Ari had :kidred: :kidred: around 10:30 last night. Excuse the sucky pictures, my camera died and I had to use my phone, plus they wouldn't.stay.still. :GAAH:

The black and white blur is Angelica and the chamoisee is Chickadee. Angelica is HUGE compared to Chickadee.


----------



## KW Farms (Jun 21, 2008)

Aww...adorable! Congrats! :stars:


----------



## Frosty1 (Jul 12, 2011)

They're adorable!!!  Congrats!!


----------



## Happy Hobby Farmer (May 16, 2011)

Very cute! Congrats!


----------



## toth boer goats (Jul 20, 2008)

So cute...congrats.... :thumb:


----------



## ksalvagno (Oct 6, 2009)

just adorable! Congratulations!


----------



## TexasRanger (Feb 2, 2010)

I've got five more left to kid. Two with possible triplets.


----------



## freedomstarfarm (Mar 25, 2011)

Congrats!! :stars:


----------



## DavyHollow (Jul 14, 2011)

Congrats on the blurs!!! :laugh:
They look adorable from what I can see. Glad everything went smoothly. Lovely names too!
Happy birthday Angelica and Chickadee!! :stars: :stars: :stars:


----------



## got2bkidding (Nov 4, 2011)

love the names and they are Oh so cute Congrats :dance:


----------



## RMADairyGoats (Jun 20, 2011)

So cute! Congratulations on the two beautiful doelings! :applaud: :thumb:


----------



## Lamancha Lady (Dec 13, 2011)

Grats on the cute kids :greengrin: :thumb:


----------



## TexasRanger (Feb 2, 2010)

Thanks y'all !


----------



## milkmaid (Sep 15, 2010)

AWW! They sound healthy too! :thumb: Congrats!


----------



## TexasRanger (Feb 2, 2010)

milkmaid said:


> AWW! They sound healthy too! :thumb: Congrats!
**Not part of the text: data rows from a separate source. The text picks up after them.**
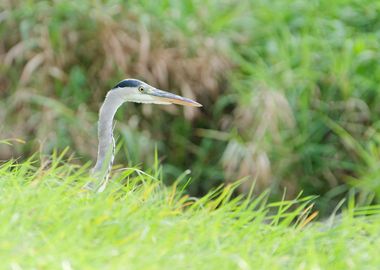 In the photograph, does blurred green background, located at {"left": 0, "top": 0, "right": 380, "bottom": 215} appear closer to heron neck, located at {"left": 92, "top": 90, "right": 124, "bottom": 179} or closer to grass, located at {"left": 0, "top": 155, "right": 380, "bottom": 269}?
heron neck, located at {"left": 92, "top": 90, "right": 124, "bottom": 179}

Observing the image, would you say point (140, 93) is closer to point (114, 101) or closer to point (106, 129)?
point (114, 101)

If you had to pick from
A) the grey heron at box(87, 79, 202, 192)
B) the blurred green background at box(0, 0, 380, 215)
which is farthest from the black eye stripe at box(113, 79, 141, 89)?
the blurred green background at box(0, 0, 380, 215)

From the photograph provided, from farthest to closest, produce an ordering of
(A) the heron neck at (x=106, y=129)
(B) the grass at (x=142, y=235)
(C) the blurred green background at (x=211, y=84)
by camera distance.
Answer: (C) the blurred green background at (x=211, y=84) < (A) the heron neck at (x=106, y=129) < (B) the grass at (x=142, y=235)

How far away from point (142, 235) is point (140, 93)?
4.84ft

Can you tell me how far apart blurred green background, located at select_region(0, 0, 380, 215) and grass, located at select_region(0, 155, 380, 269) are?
3330 millimetres

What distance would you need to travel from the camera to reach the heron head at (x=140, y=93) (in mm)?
5066

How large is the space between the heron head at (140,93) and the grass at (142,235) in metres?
0.76

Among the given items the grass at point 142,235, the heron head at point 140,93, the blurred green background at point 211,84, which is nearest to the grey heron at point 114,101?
the heron head at point 140,93

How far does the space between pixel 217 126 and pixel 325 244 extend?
160 inches

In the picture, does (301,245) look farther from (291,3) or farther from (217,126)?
(291,3)

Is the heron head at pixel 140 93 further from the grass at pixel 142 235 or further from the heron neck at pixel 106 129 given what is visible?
the grass at pixel 142 235

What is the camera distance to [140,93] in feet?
16.9

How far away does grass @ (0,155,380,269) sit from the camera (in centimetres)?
356

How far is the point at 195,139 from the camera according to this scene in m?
8.21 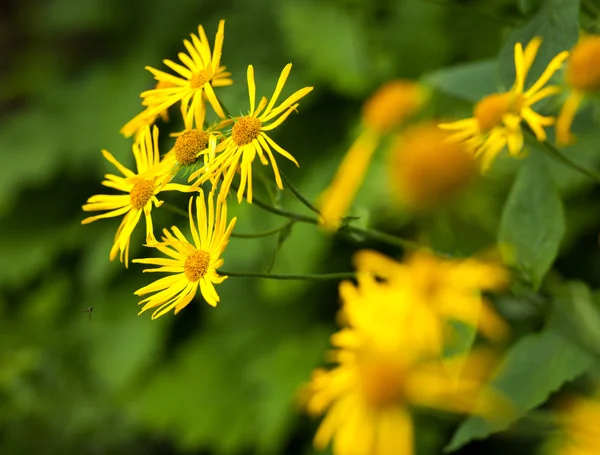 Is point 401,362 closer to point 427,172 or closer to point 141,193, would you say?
point 427,172

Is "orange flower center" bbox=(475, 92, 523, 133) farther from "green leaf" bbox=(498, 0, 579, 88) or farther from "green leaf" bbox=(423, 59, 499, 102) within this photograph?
"green leaf" bbox=(423, 59, 499, 102)

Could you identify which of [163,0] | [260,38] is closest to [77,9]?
[163,0]

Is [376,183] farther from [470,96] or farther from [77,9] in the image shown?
[77,9]

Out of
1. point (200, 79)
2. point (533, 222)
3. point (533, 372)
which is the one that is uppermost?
point (200, 79)

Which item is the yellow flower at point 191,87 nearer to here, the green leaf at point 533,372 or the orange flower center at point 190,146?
the orange flower center at point 190,146

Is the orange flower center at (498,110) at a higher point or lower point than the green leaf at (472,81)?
lower

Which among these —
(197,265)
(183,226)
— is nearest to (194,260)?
(197,265)

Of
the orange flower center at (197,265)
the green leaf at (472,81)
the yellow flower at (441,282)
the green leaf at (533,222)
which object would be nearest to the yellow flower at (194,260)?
the orange flower center at (197,265)

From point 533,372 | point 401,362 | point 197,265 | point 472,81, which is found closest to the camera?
point 401,362
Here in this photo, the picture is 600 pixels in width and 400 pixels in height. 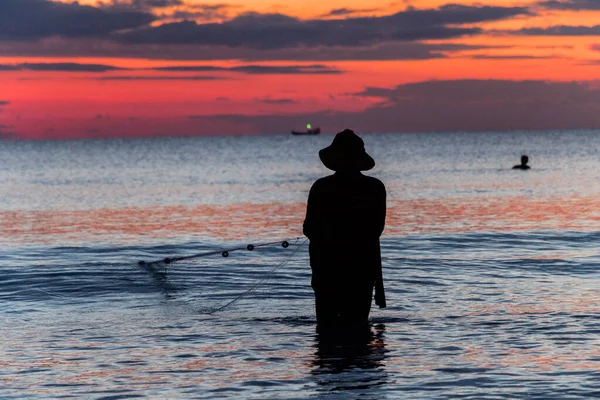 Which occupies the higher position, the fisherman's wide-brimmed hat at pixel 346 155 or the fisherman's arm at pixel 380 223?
the fisherman's wide-brimmed hat at pixel 346 155

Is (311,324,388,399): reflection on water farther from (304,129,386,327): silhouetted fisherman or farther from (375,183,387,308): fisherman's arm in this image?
(375,183,387,308): fisherman's arm

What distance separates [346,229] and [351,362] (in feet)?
4.50

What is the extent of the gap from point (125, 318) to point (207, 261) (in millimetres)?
5955

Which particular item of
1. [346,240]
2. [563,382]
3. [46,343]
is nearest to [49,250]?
[46,343]

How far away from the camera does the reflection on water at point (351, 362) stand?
8.18 meters

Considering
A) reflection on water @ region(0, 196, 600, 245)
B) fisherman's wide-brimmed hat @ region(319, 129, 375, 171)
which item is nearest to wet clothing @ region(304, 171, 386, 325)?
fisherman's wide-brimmed hat @ region(319, 129, 375, 171)

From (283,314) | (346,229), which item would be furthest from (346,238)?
(283,314)

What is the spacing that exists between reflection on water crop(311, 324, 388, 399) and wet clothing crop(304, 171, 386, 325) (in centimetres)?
29

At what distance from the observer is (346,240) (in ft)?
32.3

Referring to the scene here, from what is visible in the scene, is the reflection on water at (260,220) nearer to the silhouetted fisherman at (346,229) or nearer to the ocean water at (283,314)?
the ocean water at (283,314)

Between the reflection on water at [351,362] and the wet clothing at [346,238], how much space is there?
286 mm

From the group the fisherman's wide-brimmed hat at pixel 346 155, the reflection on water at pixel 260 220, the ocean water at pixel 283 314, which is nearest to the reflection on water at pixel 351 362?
the ocean water at pixel 283 314

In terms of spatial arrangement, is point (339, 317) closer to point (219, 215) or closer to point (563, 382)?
point (563, 382)

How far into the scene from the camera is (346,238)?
9.83 meters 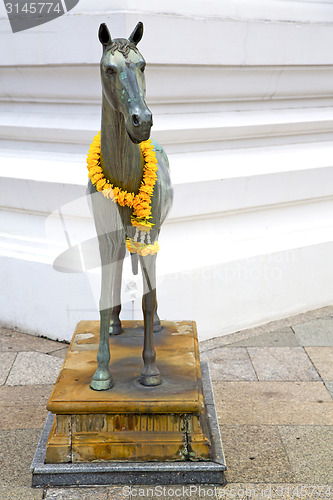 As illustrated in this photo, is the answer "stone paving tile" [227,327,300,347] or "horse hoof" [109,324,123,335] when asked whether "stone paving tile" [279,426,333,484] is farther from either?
"stone paving tile" [227,327,300,347]

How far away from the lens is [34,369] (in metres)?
4.68

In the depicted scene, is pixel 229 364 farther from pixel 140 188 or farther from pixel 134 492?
pixel 140 188

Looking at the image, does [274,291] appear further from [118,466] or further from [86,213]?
[118,466]

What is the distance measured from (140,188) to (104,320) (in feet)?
2.43

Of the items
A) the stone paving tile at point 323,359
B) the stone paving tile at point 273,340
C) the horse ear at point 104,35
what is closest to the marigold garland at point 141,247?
the horse ear at point 104,35

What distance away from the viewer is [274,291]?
18.2ft

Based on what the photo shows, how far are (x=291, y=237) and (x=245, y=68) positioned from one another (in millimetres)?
1500

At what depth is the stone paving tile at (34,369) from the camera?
4.51 m

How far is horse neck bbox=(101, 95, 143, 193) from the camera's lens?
304 cm

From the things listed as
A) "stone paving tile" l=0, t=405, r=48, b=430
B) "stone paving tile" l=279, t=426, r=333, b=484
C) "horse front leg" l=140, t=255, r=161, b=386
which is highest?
"horse front leg" l=140, t=255, r=161, b=386

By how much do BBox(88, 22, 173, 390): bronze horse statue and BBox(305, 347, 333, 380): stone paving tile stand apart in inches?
66.1

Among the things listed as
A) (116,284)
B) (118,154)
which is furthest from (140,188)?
(116,284)

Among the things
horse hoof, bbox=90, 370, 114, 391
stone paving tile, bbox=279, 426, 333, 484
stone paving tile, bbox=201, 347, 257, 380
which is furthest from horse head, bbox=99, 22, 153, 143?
stone paving tile, bbox=201, 347, 257, 380

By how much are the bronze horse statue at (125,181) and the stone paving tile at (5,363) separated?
4.56 feet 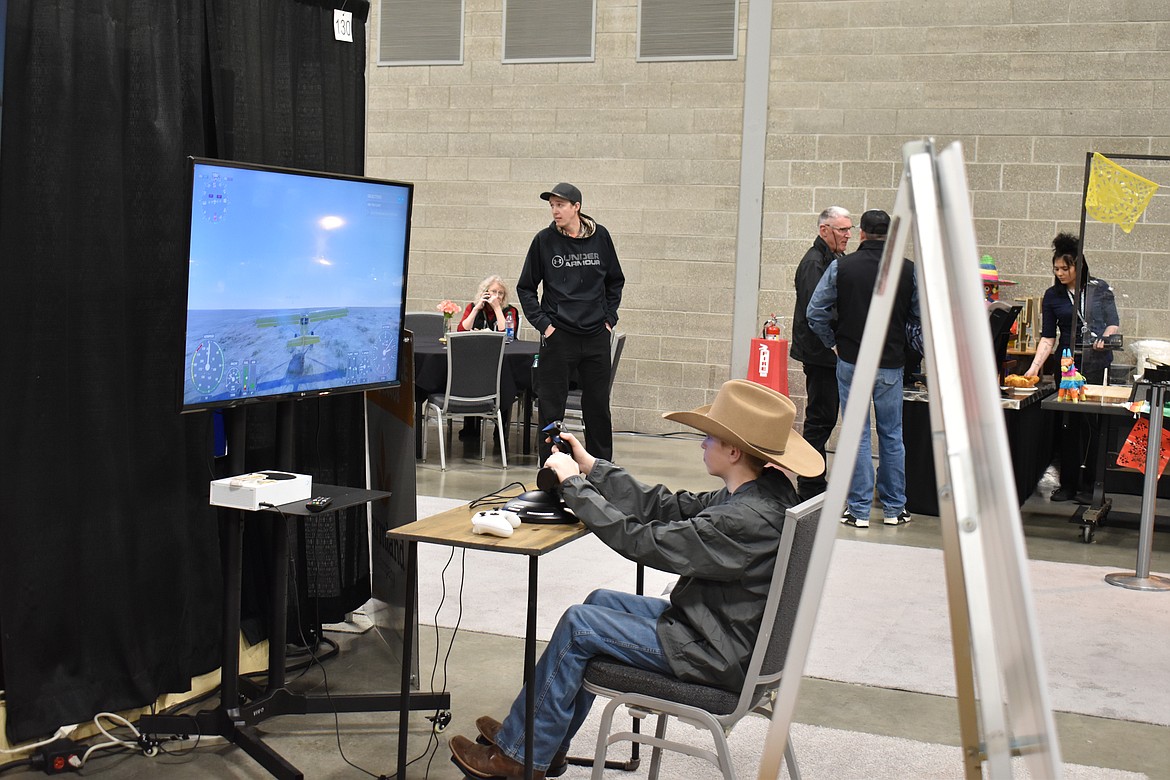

That they are, Angelica has "healthy" lungs. She would make a good tornado siren. :laugh:


----------



## peggy (Aug 11, 2010)

They are adorable, Congratulations on 2 healthy girls.


----------



## TexasRanger (Feb 2, 2010)

*Re: Ari had twins! *pics**

My camera decided to work, so here they are.

Angelica

















Chickadee


----------



## toth boer goats (Jul 20, 2008)

They are so cute....... :thumb: :greengrin:


----------